[Life of Cicero by Anthony Trollope]@TWC D-Link bookLife of Cicero CHAPTER XII 126/137
Cicero did defend P.Sulla this year; but whence came the story of the money borrowed from Sulla we do not know.
"It is a trick of rhetoric craftily to confess charges made, so as not to come within the reach of the law.
So that, if anything base be alleged which cannot be denied, you may turn it aside with a joke, and make it a matter of laughter rather than of disgrace, as it is written that Cicero did when, with a drolling word, he made little of a charge which he could not deny.
For when he was anxious to buy a house on the Palatine Hill, and had not the ready money, he quietly borrowed from P.Sulla--who was then about to stand his trial, 'sestertium viciens'-- twenty million sesterces.
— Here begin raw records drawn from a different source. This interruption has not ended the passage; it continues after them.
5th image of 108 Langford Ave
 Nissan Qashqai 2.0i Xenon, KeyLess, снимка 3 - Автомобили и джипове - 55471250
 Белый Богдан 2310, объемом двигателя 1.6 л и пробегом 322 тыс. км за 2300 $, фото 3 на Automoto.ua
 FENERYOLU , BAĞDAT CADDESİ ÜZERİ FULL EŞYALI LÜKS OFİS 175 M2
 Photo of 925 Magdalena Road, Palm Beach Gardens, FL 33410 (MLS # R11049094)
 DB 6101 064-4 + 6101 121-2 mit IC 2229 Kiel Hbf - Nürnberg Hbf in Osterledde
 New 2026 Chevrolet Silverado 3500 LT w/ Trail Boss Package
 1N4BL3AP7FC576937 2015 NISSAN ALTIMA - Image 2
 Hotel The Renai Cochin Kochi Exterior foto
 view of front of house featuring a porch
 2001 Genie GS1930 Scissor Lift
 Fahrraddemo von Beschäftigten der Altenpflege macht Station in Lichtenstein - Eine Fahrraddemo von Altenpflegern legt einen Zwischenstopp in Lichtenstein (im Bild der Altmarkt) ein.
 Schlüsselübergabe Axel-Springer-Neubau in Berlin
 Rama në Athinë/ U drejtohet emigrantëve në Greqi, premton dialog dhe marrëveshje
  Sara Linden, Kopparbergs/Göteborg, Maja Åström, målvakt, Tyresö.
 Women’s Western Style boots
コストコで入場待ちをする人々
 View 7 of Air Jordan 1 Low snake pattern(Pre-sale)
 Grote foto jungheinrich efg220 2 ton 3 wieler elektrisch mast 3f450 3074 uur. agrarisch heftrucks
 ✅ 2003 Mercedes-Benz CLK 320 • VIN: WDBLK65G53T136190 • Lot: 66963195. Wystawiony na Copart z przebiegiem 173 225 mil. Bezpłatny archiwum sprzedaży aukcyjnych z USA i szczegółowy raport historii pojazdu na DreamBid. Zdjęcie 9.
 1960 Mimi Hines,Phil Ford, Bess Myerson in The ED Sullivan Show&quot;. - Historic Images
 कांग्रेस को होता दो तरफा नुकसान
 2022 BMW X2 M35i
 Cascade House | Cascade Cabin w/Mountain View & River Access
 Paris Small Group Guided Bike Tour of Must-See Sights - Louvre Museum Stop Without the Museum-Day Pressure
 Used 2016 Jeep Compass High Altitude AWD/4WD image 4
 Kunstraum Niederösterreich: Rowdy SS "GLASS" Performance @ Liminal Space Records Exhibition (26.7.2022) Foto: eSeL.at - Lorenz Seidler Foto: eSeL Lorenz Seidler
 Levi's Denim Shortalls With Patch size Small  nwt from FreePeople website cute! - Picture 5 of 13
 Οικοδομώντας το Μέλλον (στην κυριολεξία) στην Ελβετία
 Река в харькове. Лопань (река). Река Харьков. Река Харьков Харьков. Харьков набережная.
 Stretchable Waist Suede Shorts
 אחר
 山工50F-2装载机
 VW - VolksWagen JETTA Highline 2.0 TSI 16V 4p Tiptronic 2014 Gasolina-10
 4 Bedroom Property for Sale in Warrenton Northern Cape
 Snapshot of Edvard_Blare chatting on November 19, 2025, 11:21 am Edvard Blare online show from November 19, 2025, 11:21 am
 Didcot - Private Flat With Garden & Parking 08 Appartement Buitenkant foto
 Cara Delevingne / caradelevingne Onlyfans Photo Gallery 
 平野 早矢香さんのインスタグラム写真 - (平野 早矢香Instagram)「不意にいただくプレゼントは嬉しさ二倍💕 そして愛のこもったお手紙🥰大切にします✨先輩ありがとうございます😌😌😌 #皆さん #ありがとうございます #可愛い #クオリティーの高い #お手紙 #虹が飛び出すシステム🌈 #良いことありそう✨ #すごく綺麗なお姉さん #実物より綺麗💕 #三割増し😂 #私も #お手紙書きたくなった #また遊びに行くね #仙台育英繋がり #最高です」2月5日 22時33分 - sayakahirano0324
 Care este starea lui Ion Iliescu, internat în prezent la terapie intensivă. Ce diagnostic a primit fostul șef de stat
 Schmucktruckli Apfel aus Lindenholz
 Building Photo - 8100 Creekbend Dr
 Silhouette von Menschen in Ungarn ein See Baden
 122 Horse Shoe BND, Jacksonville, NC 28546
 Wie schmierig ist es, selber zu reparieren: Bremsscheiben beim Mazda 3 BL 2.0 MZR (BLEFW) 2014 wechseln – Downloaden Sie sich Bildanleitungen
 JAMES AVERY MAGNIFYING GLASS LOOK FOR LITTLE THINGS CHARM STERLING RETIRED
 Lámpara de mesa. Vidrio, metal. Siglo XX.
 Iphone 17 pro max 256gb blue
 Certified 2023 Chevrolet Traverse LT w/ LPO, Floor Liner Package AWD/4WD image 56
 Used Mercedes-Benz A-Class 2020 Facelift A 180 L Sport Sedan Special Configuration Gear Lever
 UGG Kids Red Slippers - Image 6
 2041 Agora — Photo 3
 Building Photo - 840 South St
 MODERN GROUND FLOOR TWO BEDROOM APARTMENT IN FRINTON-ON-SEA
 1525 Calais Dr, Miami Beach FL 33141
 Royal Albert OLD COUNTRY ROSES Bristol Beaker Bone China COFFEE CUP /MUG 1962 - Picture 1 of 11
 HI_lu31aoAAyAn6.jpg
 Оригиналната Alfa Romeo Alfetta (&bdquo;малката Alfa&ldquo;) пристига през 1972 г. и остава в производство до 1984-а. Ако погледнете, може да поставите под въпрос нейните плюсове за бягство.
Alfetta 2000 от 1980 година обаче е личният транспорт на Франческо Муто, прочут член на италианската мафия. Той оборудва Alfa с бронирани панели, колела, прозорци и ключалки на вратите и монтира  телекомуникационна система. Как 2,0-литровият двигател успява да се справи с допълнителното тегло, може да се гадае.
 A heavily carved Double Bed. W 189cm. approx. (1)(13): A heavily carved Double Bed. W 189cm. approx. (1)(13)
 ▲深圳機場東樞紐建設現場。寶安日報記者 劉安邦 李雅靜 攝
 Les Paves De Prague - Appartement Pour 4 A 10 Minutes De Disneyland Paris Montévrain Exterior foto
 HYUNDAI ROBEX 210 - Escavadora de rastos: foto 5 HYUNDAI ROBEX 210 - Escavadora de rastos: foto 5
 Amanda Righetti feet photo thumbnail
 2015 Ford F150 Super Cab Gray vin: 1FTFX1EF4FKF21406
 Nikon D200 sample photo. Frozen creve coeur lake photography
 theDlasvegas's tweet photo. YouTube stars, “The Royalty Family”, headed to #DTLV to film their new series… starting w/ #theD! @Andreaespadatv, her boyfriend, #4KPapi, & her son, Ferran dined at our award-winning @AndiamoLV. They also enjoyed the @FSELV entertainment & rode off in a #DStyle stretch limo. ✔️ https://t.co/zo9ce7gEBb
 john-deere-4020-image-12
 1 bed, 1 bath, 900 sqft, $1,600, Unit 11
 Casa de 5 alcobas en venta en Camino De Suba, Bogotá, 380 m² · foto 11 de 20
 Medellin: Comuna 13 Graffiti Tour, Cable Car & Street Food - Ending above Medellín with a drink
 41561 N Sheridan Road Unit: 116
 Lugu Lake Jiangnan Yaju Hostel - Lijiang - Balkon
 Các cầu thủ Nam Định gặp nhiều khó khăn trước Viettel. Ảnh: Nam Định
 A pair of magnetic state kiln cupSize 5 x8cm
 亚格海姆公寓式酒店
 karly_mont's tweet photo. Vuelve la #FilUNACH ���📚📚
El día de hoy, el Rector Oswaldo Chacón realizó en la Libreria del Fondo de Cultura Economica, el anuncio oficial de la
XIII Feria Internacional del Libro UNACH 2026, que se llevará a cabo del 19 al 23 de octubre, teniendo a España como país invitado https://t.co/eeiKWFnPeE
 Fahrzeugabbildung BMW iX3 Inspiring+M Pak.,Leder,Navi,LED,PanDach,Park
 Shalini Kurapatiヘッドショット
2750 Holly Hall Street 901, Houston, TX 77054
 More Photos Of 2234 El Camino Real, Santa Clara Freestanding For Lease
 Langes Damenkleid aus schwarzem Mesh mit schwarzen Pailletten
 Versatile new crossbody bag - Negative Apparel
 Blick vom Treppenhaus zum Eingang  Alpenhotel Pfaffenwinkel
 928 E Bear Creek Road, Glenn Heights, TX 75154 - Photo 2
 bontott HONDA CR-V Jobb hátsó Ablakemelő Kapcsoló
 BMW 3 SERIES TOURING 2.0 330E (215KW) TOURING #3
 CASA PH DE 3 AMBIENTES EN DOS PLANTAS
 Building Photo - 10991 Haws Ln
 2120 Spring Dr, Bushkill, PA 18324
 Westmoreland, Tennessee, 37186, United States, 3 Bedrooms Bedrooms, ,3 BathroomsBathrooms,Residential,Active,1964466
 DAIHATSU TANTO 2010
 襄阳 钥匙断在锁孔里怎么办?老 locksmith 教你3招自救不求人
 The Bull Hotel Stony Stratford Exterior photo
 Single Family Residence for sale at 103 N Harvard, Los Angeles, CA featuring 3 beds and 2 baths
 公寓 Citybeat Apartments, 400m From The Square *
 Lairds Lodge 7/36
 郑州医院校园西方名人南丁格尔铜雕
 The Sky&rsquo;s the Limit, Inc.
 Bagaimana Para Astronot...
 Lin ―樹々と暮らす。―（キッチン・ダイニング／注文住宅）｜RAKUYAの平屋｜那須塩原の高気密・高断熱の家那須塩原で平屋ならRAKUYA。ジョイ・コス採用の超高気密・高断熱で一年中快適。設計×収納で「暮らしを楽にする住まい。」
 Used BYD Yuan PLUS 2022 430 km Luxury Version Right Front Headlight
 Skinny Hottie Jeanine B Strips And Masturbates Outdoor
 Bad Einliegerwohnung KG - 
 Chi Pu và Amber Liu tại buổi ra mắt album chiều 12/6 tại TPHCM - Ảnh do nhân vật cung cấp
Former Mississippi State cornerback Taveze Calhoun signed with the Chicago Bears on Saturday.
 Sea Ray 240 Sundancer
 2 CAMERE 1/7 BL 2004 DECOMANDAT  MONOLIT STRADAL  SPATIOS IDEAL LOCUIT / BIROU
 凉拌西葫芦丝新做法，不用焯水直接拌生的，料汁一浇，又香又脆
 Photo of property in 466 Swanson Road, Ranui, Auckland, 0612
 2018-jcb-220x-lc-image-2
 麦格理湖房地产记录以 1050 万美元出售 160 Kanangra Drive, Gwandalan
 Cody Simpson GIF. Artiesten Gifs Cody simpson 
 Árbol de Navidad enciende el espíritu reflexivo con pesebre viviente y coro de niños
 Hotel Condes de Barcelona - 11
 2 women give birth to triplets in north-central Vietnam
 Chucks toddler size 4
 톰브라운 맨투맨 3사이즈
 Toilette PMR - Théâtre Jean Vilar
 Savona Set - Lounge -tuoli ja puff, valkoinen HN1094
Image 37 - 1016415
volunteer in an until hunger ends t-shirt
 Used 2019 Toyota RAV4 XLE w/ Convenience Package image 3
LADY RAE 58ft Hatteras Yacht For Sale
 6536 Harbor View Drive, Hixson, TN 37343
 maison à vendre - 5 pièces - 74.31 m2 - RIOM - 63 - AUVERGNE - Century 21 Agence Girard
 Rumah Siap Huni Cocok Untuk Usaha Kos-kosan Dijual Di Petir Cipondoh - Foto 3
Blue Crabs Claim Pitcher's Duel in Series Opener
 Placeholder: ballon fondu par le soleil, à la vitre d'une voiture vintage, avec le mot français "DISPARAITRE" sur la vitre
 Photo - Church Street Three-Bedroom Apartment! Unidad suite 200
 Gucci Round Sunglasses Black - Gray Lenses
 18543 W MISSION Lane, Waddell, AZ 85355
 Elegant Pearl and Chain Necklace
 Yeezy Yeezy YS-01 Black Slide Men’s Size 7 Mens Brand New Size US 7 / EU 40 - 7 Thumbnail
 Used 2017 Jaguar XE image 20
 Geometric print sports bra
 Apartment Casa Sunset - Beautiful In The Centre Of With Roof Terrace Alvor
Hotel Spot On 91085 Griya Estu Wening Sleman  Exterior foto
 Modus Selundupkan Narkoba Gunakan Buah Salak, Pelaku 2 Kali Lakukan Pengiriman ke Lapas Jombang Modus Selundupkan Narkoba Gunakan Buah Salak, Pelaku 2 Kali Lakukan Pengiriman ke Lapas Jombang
When that became known, before the purchase was made, and it was objected to him that he had borrowed the money from a client, then Cicero, instigated by the unexpected charge, denied the loan, and denied also that he was going to buy the house.
But when he had bought it and the fib was thrown in his teeth, he laughed heartily, and asked whether men had so lost their senses as not to be aware that a prudent father of a family would deny an intended purchase rather than raise the price of the article against himself."-- Noctes Atticae, xii., 12.